═════ Data shown ═════

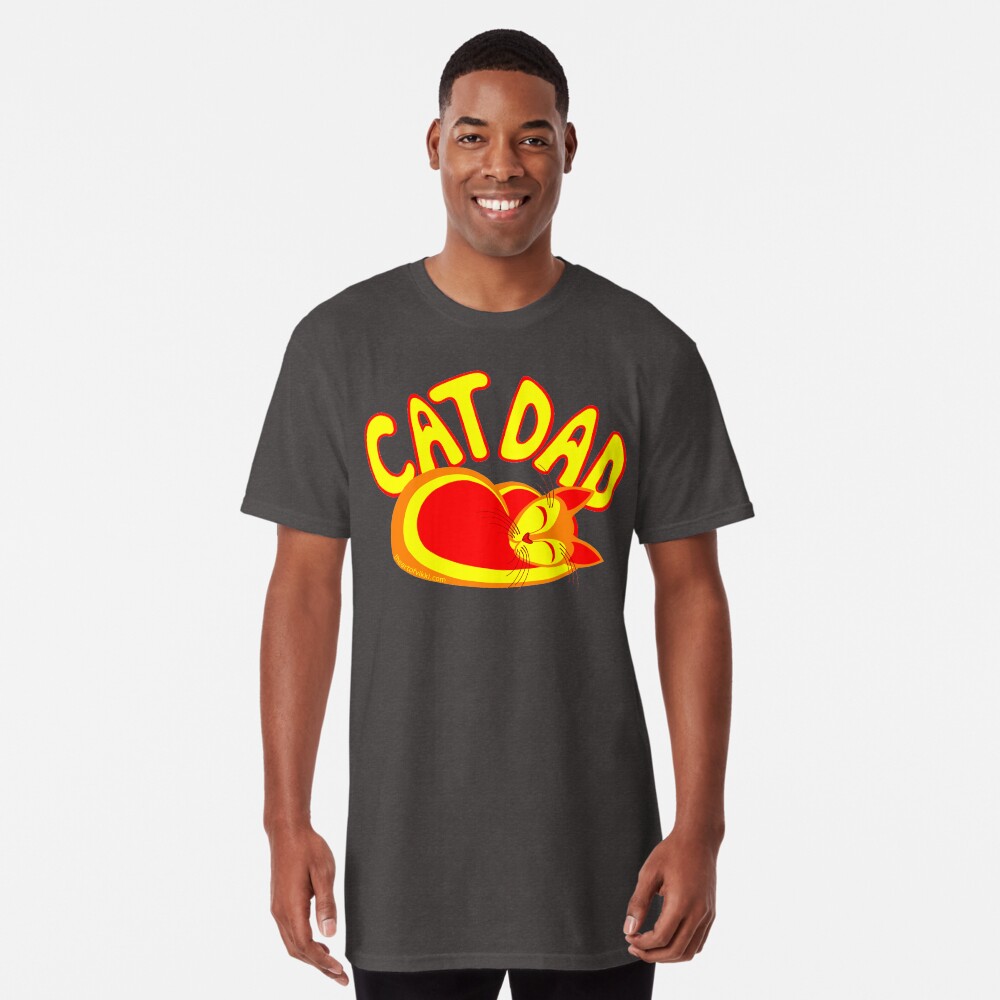 Cat Dad Orange Yellow Red Cute Cat Lover Design Long T-Shirt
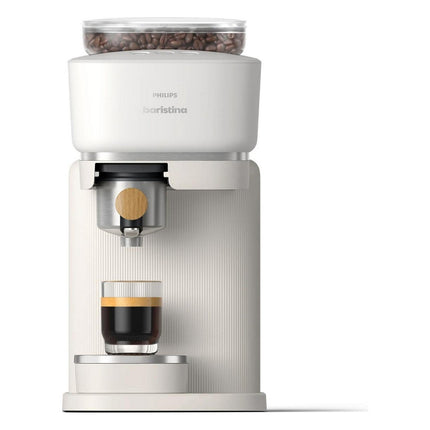 machine-a-expresso-philips-baristina-bar302-20-cafetiere-a-grain-blanche-porte-filtre-bois-de-hetre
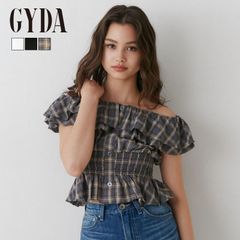 【即納】2WAYフリルオフショルブラウス GYDA ジェイダ 072430447001 gyda レディース 半袖 トップス オフショル ブラウス フリーサイズ オフホワイト 黒 ブラック ミックス ショート丈 gyda ブラウス 新品 正規品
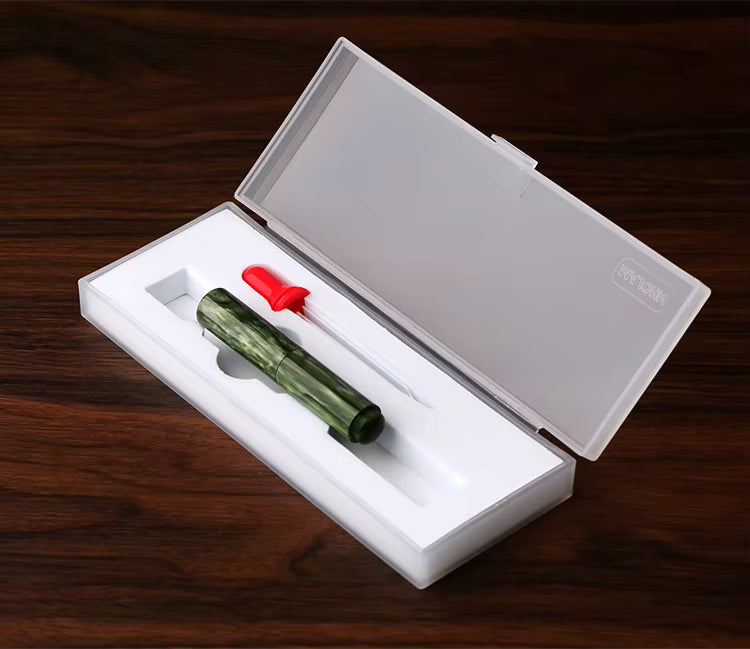 Moonman Wancai Mini Fountain Pen, Iridium Fine Nib Green Acrylic Travel Pocket Pen, short Size Eyedropper Ink Bottle Filling with 6 Black Cartridges Set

═════

Exercise requirements -> Return all material verbatim, pictures omitted.

Written reply ->
 Cat Dad Orange Yellow Red Cute Cat Lover Design Long T-Shirt
 machine-a-expresso-philips-baristina-bar302-20-cafetiere-a-grain-blanche-porte-filtre-bois-de-hetre
 【即納】2WAYフリルオフショルブラウス GYDA ジェイダ 072430447001 gyda レディース 半袖 トップス オフショル ブラウス フリーサイズ オフホワイト 黒 ブラック ミックス ショート丈 gyda ブラウス 新品 正規品
 Moonman Wancai Mini Fountain Pen, Iridium Fine Nib Green Acrylic Travel Pocket Pen, short Size Eyedropper Ink Bottle Filling with 6 Black Cartridges Set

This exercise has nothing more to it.